There are twenty one distinct iPhone 5, iPhone 5c, and iPhone 5s models and EveryiPhone.com has diligently documented each one as always. This Q&A primarily addresses collective differences for the sake of simplicity.
With a quick glance at the front of an iPhone from each line, it would be easy to mistake them for one another, but with more detailed evaluation, some differences become readily apparent. Other differences are not obvious but still are quite important.

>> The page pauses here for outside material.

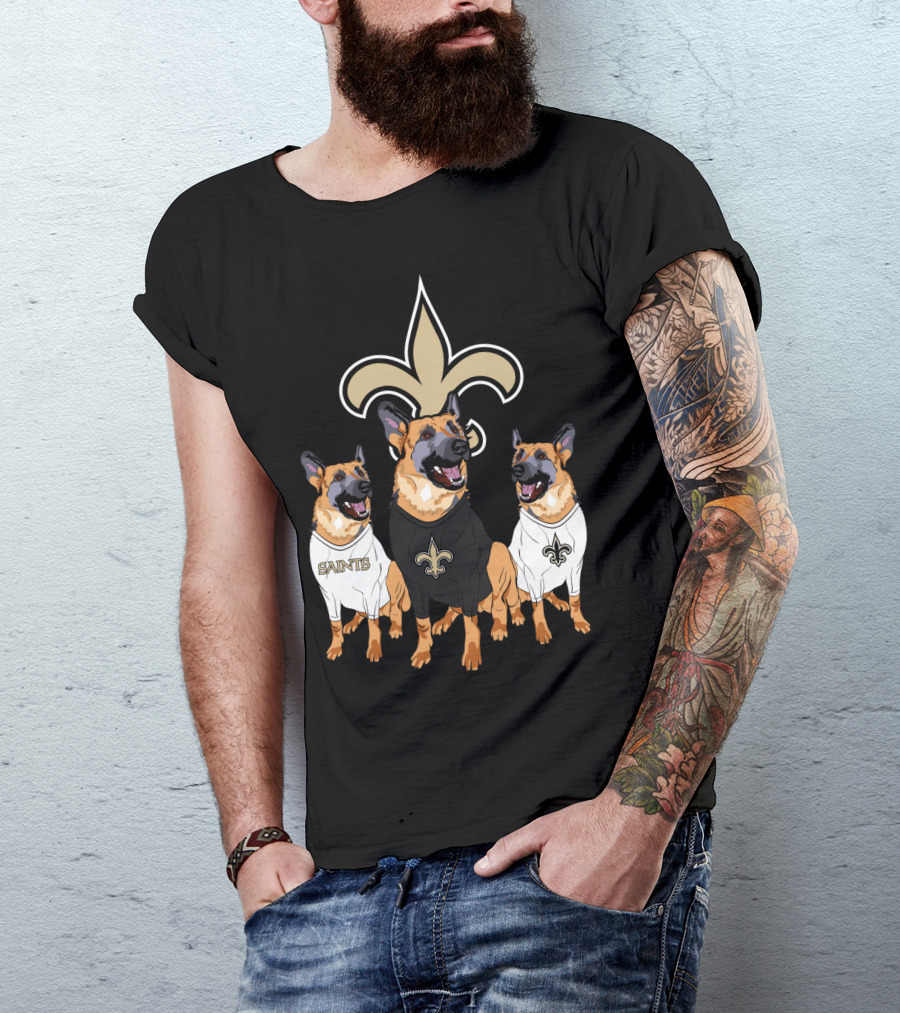 Saints Fleur-De-Lis German Shepherd Trio T-Shirt
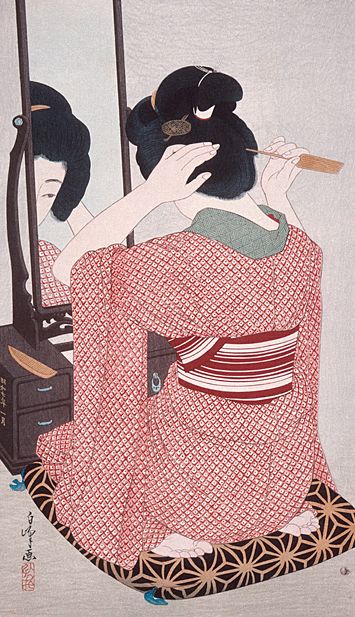 ukiyo-e, Japón (Edad Antigua) Woman In Kimono, Japanese Woodcut, Geisha Art, Japanese Illustration, Traditional Japanese Art, Japon Illustration, Eastern Art, Art Japonais, Japanese Woodblock Printing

Photo Credit: Apple, Inc. (iPhone 5 - Left, iPhone 5c - Center, iPhone 5s - Right)
Perhaps the most immediately noticeable difference is that the iPhone 5s does not have a rounded square icon on the home button like the other two devices. Instead, it has a icon-free and less concave button with an embedded "Touch ID" fingerprint sensor. Consequently, the iPhone 5s can be configured with biometric identification rather than just a passcode.
The iPhone 5, iPhone 5c, and iPhone 5s all have a 4" multi-touch IPS LED-backlit 1136x640 (326 ppi) "Retina" display, and the front of each is glass. Otherwise, the housing is quite different, particularly for the iPhone 5c compared to the other two models.
Photo Credit: Apple, Inc. (iPhone 5 - Left, iPhone 5c - Center, iPhone 5s - Right)
The iPhone 5 and iPhone 5s both have a largely aluminum 0.30 of an inch thick case with a "chamfered cut" band around the edge, but the matte color options are different.
Specifically, the iPhone 5 has either a black glass front and a mostly black aluminum back or a white glass front and a mostly silver aluminum back.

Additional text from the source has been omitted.